The battle of the sexes has long been a topic of literature, film and stage.  In a semi-romantic tragic-farcical adaptation of Arthur Schnitzler's "Anatol," The MET Theatre of Hollywood presents the quirky and charming "Anatol Vs." Put your gloves on, because the fight is about to begin.

For those familiar with the Austrian playwright of the 1800's, an expectation of quick witted dialogue and artful romance, however ridiculously rendered in the hands of a playboy, is brought along.  By no means as flowery as the original but no less cunning or amusing, this modernized production, complete with very salacious topic matter and dialogue captures the subtleties of the outrageous foisted upon one another in the name of love, or at very least, romance. 

Anatol (Eric Riviera) is the consummate bachelor at large with a list of ex lovers that would rival Casanova.  Played with a very Victorian edge that still remains current, it is hard to not find him likeable in spite of the silliness of his idiosyncrasies or the cruel twists he introduces into his affairs. 

Under my spell

Lisa Welti has the extraordinary challenge of playing all seven women that Anatol plows through.  Though it might take a bit at first for those unfamiliar with the original play, she does a marvelous job of creating seven entirely different women with fresh personalities easily distinguished from one another.

Serving as the voice of reason and Anatol's side kick is Max (Jose Solomon), uttering everything that might pop into the head during the course of the production.  A masterful foil to Anatol's outrageous antics, and spiced up with some racy modern humor, Max is something of a tour guide and compatriot in commiserating with the audience's sensibilities. 
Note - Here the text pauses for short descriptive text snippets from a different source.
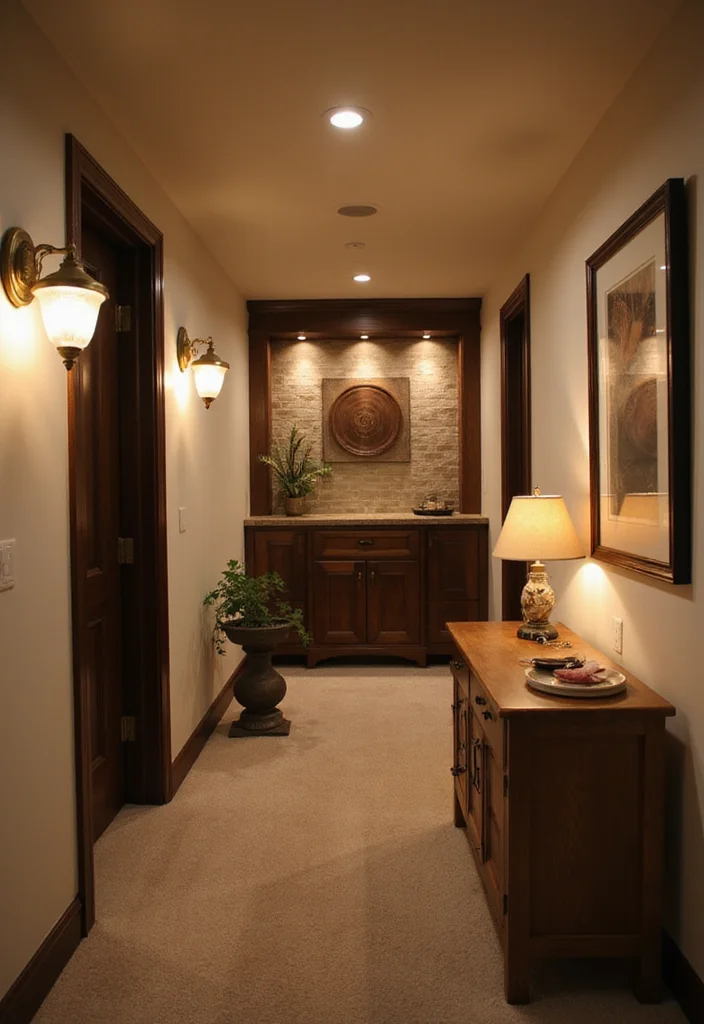 12 Split Level Basement Ideas for Balanced Multi Zone Layout - 5. Stylish Lighting Solutions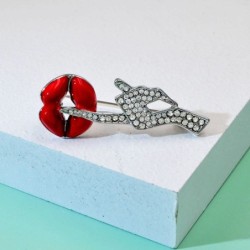 Crystal brooch - red lips / Be Quiet gestureBrooches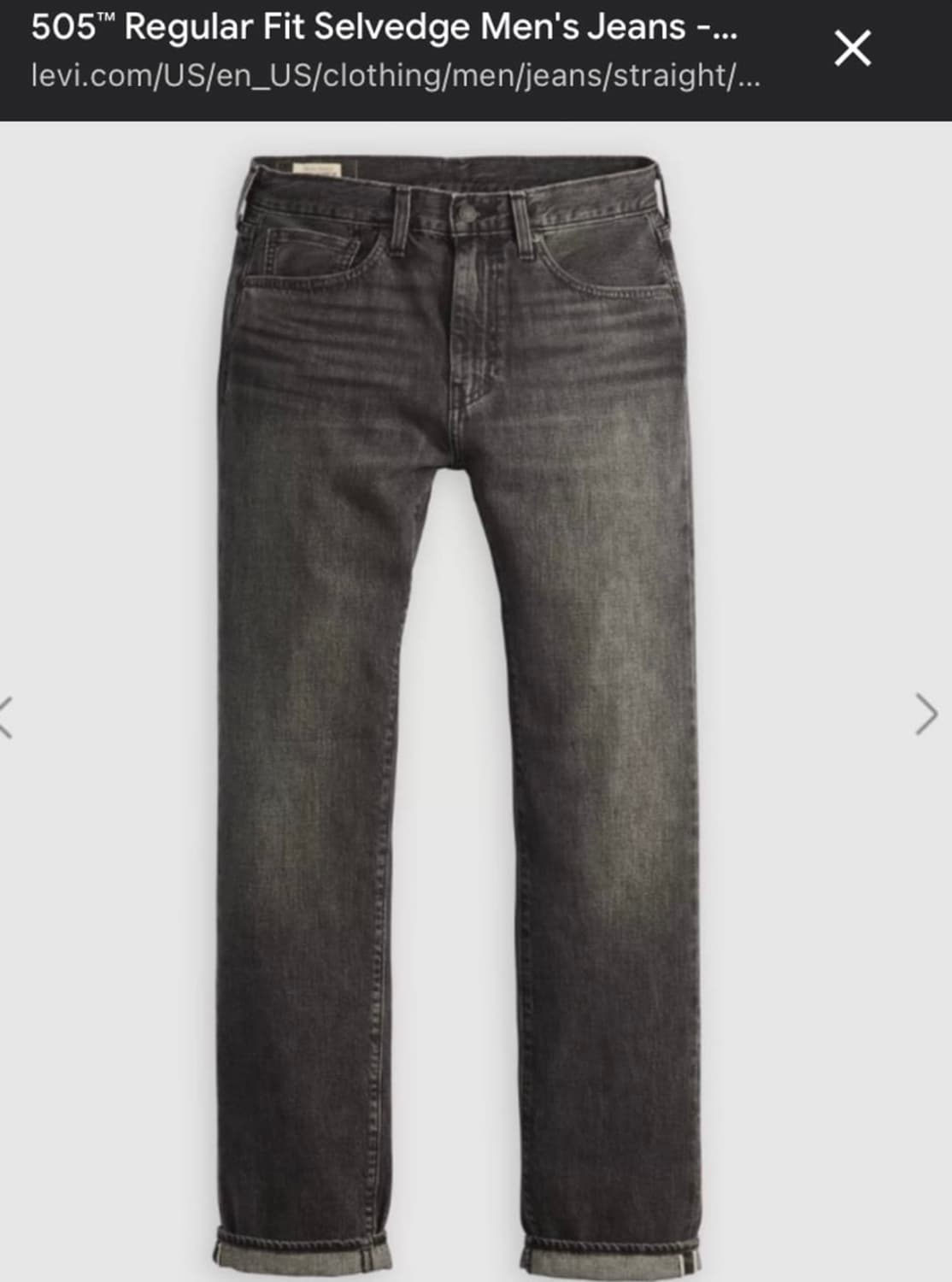 리바이스 505 셀비지 바살트 락 상품이미지1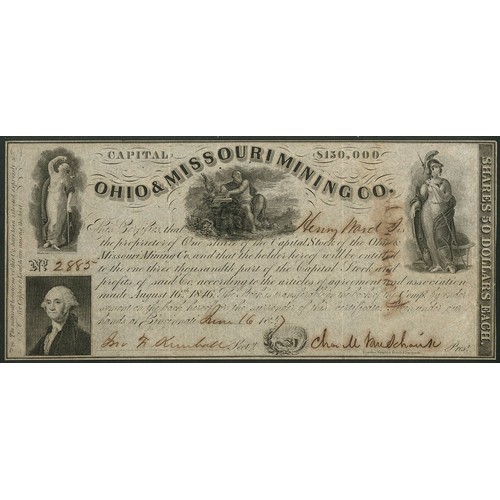 800 - ** U.S.A.: Ohio & Missouri Mining Company, $50 shares, 184[7], #2885, small format piece with nu... 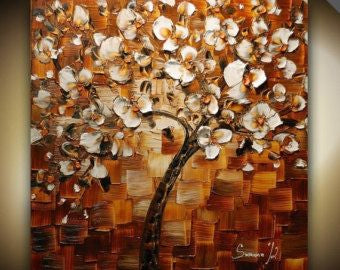 Original Abstract tree painting White cherry blossom, No. 3, textured palette knife impasto art by susanna shap (MADE2ORDER)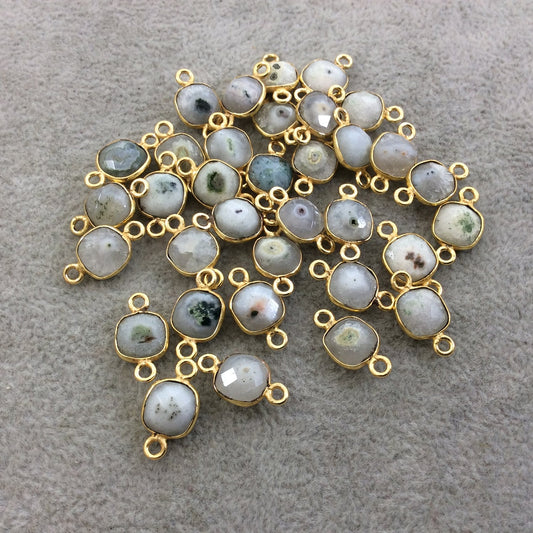Gold Plated Faceted Natural White/Green Solar Quartz Square Shaped Bezel Connector - Measuring 8mm x 8mm - Sold Individually, RANDOM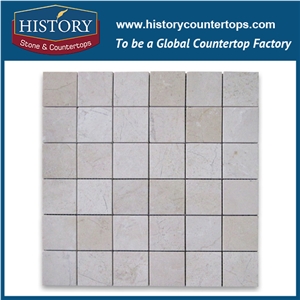 History Stone World Class Shandong Supplier Best Seller, Natural Highly Polished Spain Cream Marfil Beige Marble 2×2 Square Pattern Mosaic Tiles for Interior Decoration, Flooring & Wall Mosaic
Additional devices to the production are a few modern movement pieces, the insertion of contemporary music and a ring girl.  That's right.   A ring girl.  She's a saucy little Japanese girl in a bikini holding up the names of each woman that Anatol must contend with.  In a storyline of her own, she has a very interesting part that doesn't make much sense at first.  In fact, it is so subtle and well done; much of the audience is duped.  Let's just leave it unclear so as to not spoil any surprises but suffice it to say that Saemi Nakamura as the Ring Girl is delightful.

You are a chicken

All around, this production is brilliantly executed, interestingly directed (hats off to the whimsy of director L. Flint Esquerra) and very entertaining.  "Anatol Vs." opened November 13th and runs through Sunday, December 19th.  Performances are Fridays and Saturdays at 8:30 pm and Sundays at 7:30 pm.  The MET Theatre is located at 1089 Oxford Ave, Hollywood, Ca.  General admission is $15.